One approach the UCSC group used was to compare the intersecting set to a list of likely pseudogenes, elements in the DNA sequence that appear to be genes but cannot be transcribed to form proteins. These pseudogenes were predicted by software developed at UCSC by graduate student Robert Baertsch. Sequences that appeared to be pseudogenes were removed from consideration for the CCDS set, and any removed sequence will likely undergo more study before it is finally accepted as a gene or ruled out.
The UCSC team also compared the intersecting set with analogous locations on the genomes of other organisms--chimpanzee, chicken, dog, mouse, rat, and rhesus monkey. These comparisons between species aid in gene validation. "When gene segments are conserved across multiple species, it indicates that they are likely to be real and not pseudogenes," Diekhans said.
The UCSC Genome Browser makes comparative genomics much simpler, because it allows side-by-side comparisons of analogous genome segments from various species.
"Comparing human genes to the genes of related species will be the key to finalizing the human gene set," Haussler said. "All of biology is the result of evolution. Genes cannot be fully apprehended outside of their evolutionary context."
The collaborating groups used a conservative process in establishing the CCDS set. "We were going for high quality and high confidence," Diekhans said. "When in doubt about a gene, we left it out of our set. This makes the CCDS a valuable reference set for disease research."

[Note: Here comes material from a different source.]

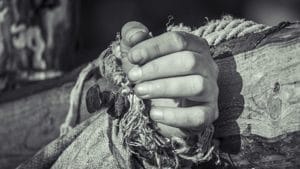 Persecution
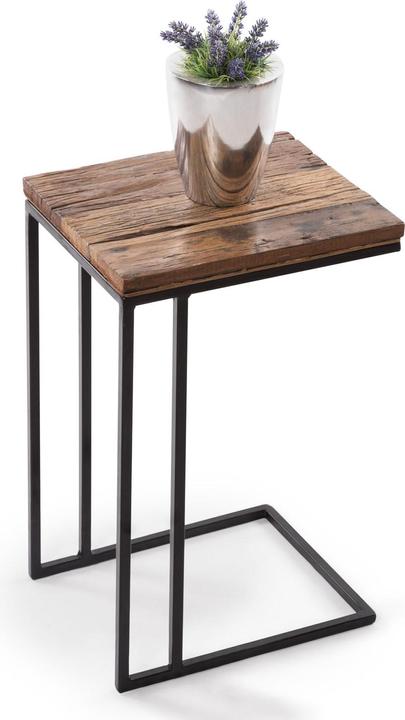 Image du produit Möbel-Eins Viabella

In addition to Diekhans and Haussler, the UCSC team includes Adam Siepel, Robert Baertsch, Fan Hsu, Chuck Sugnet, and the entire UCSC Genome Browser team, led by Jim Kent. Lead researchers at collaborating institutions include David Lipman, Jim Ostell, and Kim Pruitt at NCBI; Hubbard, Richard Durbin, Steve Searle, and Jennifer Ashurst at WTSI; and Ewan Birney at EBI.
"UCSC is very proud to be playing a role in this collaboration with such outstanding collaborators as NCBI, EBI, and the Wellcome Trust Sanger Institute," Haussler said.